PROBLEM :: Quote exactly and only this range of lines in the data below: the line that holds "İklim krizinin dört" to the line that holds "Grand Thai House", both included.

DATA PROVIDED ::
_ _ _
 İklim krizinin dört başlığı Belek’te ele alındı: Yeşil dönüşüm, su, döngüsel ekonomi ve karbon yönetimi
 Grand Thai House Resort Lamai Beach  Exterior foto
_ _ _
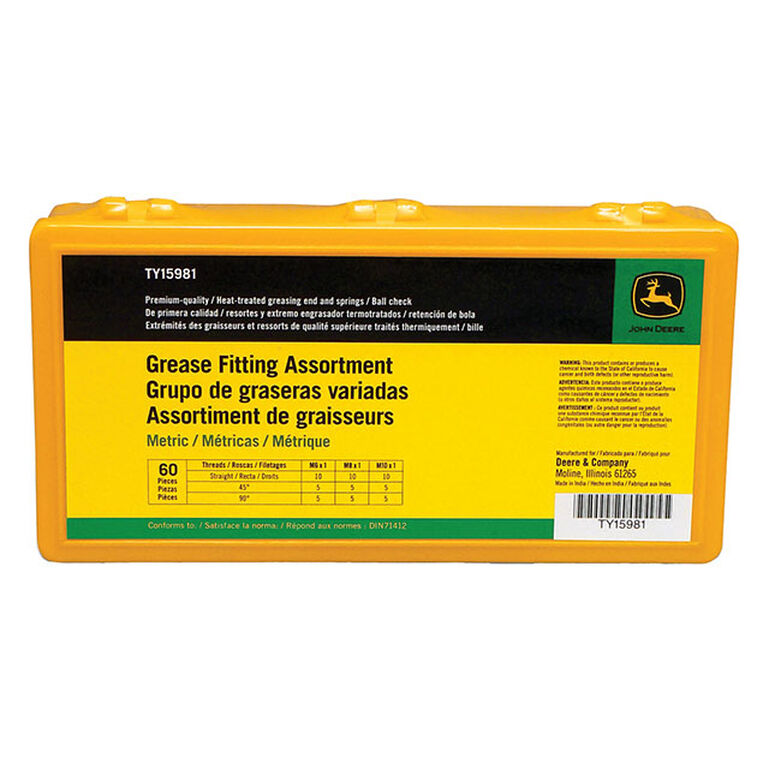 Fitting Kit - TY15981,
_ _ _
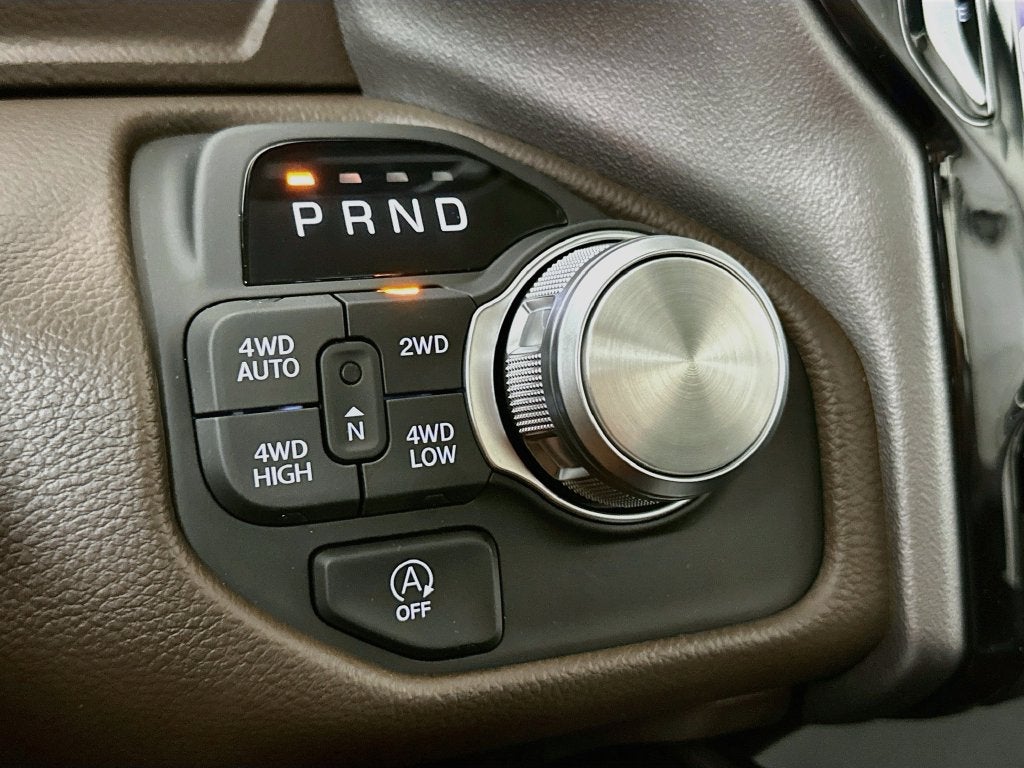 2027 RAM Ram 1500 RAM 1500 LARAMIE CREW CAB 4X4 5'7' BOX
_ _ _
TASK RESPONSE ::
 İklim krizinin dört başlığı Belek’te ele alındı: Yeşil dönüşüm, su, döngüsel ekonomi ve karbon yönetimi
 Grand Thai House Resort Lamai Beach  Exterior foto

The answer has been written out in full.